I did a fair amount of footplate travel myself during this period; the rough-riding old electrics at Harton Colliery, cadging a lift on the last train of the day out of Pennyvenie Colliery on a warm January afternoon in 1978 and riding on the outside of Simplex locomotives around the Leighton Buzzard sand pits (there was only room for one in the cab).

One of my earlier experiences was at Acton Lane Power station in November 1974. Visits to see the steam locomotives were granted on Saturday mornings and at the end of my visit, the old welsh driver suggested that I might like a turn at the regulator up and down the sidings. Whether management knew about this activity was unclear!

Health and safety considerations has stopped all this, not that there are many industrial locomotives around today, anyway. Even at preserved railways, locomotive sheds are now generally out of bounds to the casual visitor, unless with a guide of some sort. At least some railways now offer locomotive driving courses, which is one way to get onto the footplate.
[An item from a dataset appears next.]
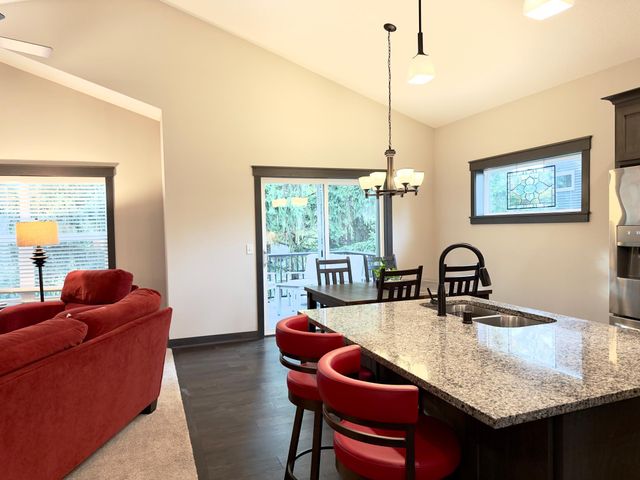 19967 Hiawatha Court, Lakeville, MN 55044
That said, my wife recently used her feminine charms on the fireman at Bridgnorth station, to get some pictures inside the cab of 42968...........

5 comments:

  1. I envy you your footplate experiences. I was never allowed the regulator,at least not on an industrial loco- although probably because I arrived late in the day at Waterside and Nantgarw. I love the Acton Lane shot. Funny how us men are helpless to resist the attentions of a pretty woman...my better half persuading the fireman on the SVR to retrieve my camera from the rails comes to mind!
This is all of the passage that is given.